Но больше всего Лёшка засмотрелся на драгоценного сукна рясу, на золотую цепь, на самоцветный крест. И келья у отца ректора тоже была предивная. По стенам всё книжищи в узорных переплетах, картинные листы в рамах, а креслы костяные, а стол красного дерева, а в углу, на лаковой ноге – большая разрисованная тыква, рекомая «земной глоб». Нет, куда там дьякам.
По здешнему порядку всякого отрока отец ректор испытывал сам, но Алёшка испытания нисколько не боялся.
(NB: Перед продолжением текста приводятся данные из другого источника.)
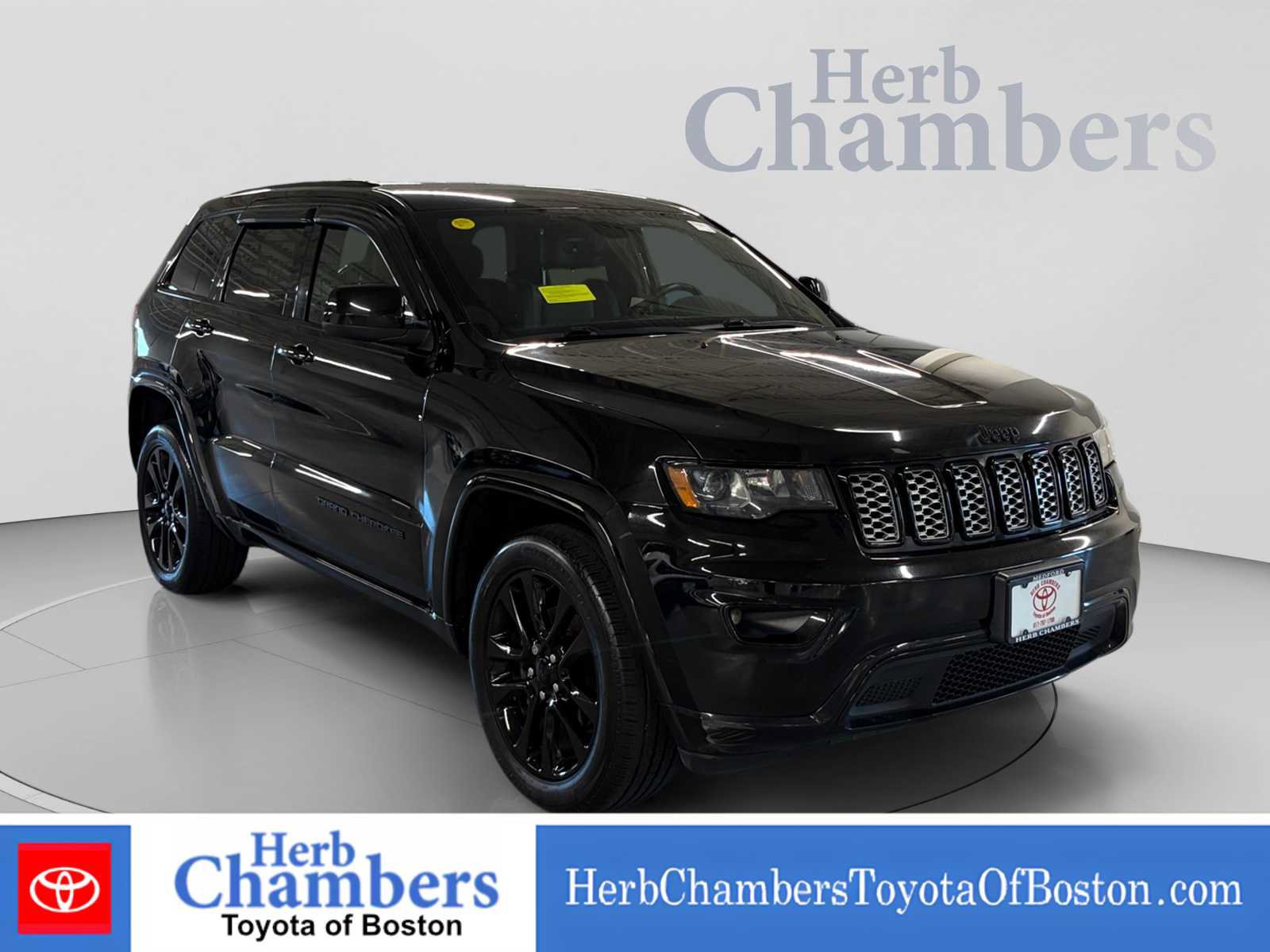 Used 2017 Jeep Grand Cherokee Altitude AWD/4WD image 1
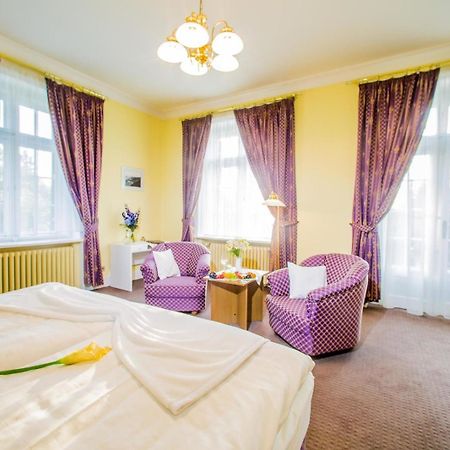 Hotel Veba Броумов Экстерьер фото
Что Дамаскину он приглянулся, сразу было видно. Да и кому бы такой смирный, почтительный, с прилично расчесанными надвое златоогненными власами не понравился?
Лёшка взгляд потупил, истово приложился губами к пухлой белой руке начальника, снизу вверх посмотрел лучисто, улыбнулся так-то кротко, доверчиво, что самому душевно стало.
– А тринадцать ему есть? – спросил, правда, отец Дамаскин. – У нас ведь с тринадцати берут.
Покраснев, Викентий взял грех на душу, соврал:
– Только-только сполнилось. Corpus[1] у него minimus[2], в мать-покойницу. Зато тако прилежен, тако к учению настойчив!
– Ну поглядим, поглядим…
Лёшка почитал из Псалтыря, бойко. Обмакнув перо, явил руку (почерк у него был хорош). Потом еще устно перемножил семь на восемь и пятью пять. Ректор одобрительно кивал.
– А как он у меня стихиры поёт! В хору нашем самым высоким дишкантом выводит, – старался тятя. – Ну-ка, Алёшенька, спой «Готово сердце моё, Боже, готово сердце моё».
Спел, поусердствовал. От Лёшкиного торжественного, небесно-хрустального воззвания у ректора глаза масляно увлажнились.
– Умилительный юнош!
И решилось. Дамаскин сказал, что в нижнюю школу, где книжному писанию учат, такого отдавать – время тратить и определил «отрока Алексия» сразу в среднюю, где наущают грамматике.
Потом тятя с ректором долго из-за платы препирались. Отец Алёши надеялся цену хоть немного сбить, напирая на свою скудость да Лёшкино сиротство, но Дамаскин к этаким родительским разговорам был привычен, не соглашался.
Что у бати за пазухой в кисе деньги, сколько положено, заготовлены, Алёшка знал и не беспокоился. Думал же про своё великое будущее. Тятину дурь повторять незачем, в монахи надо идти. Это чем хорошо?
Во-первых, не жениться (ну их, девок с бабами). Во-вторых, как иначе безродному на самый верх попасть? Архиерей он и есть архиерей, всякий боярин ему руку поцелует, будь ты хоть попович, хоть вообще бывший холоп. Вон Никон-патриарх «государем» в грамотах писался, а сам родом из посадских, постригся чуть не в сорок лет и, говорят, учености был не гораздой. По всем статьям Алёше уступает.
Светло и улыбчиво глядя на ректора, который никак не мог ударить по рукам с беспрестанно кашляющим тятей, честолюбец уже прикидывал, как на Москве устраиваться будет.
Первым учеником сделаться – это непременно. Голова, слава Богу, звонкая, ясная.
Потом надо, чтоб Дамаскин этот, как сына родного, полюбил. Никуда не денется, полюбит.
Батя говорил, в академию для смотра учеников иногда патриарх наезжает – вот когда бы себя показать! А коли не приедет, школяры на Рождество в Крестовую палату допущены бывают, приветствуют его святейшество орациями. Ну, патриарх, само собой, Алёшку приметит, потребует такого способного к себе в келейники, а дальше дорога прямая… Мечты так и заскакали резвыми блошками.